*EXERCISE REQUIREMENTS*: Take the entries below and print only the lines from the one with "KM8SN4HF6HU170065 Hyundai Santa Fe Limited" through the one with "10000Lux Healthcare Light", exactly as they stand, both ends included.

*Crawled caption data*:
# # #

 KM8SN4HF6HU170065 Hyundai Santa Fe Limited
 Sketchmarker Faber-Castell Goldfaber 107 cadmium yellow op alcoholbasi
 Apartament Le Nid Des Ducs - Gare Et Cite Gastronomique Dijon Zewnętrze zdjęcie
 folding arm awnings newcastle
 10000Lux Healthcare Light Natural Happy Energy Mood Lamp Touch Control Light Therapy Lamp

# # #

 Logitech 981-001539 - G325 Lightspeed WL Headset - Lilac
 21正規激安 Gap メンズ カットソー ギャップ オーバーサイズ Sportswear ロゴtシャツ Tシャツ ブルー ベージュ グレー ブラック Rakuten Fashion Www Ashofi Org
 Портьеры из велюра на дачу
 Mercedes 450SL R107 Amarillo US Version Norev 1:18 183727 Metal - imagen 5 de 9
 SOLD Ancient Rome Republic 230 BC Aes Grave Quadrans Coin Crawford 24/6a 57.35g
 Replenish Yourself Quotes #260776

# # #

*OUTPUT OF THE TASK*:
 KM8SN4HF6HU170065 Hyundai Santa Fe Limited
 Sketchmarker Faber-Castell Goldfaber 107 cadmium yellow op alcoholbasi
 Apartament Le Nid Des Ducs - Gare Et Cite Gastronomique Dijon Zewnętrze zdjęcie
 folding arm awnings newcastle
 10000Lux Healthcare Light Natural Happy Energy Mood Lamp Touch Control Light Therapy Lamp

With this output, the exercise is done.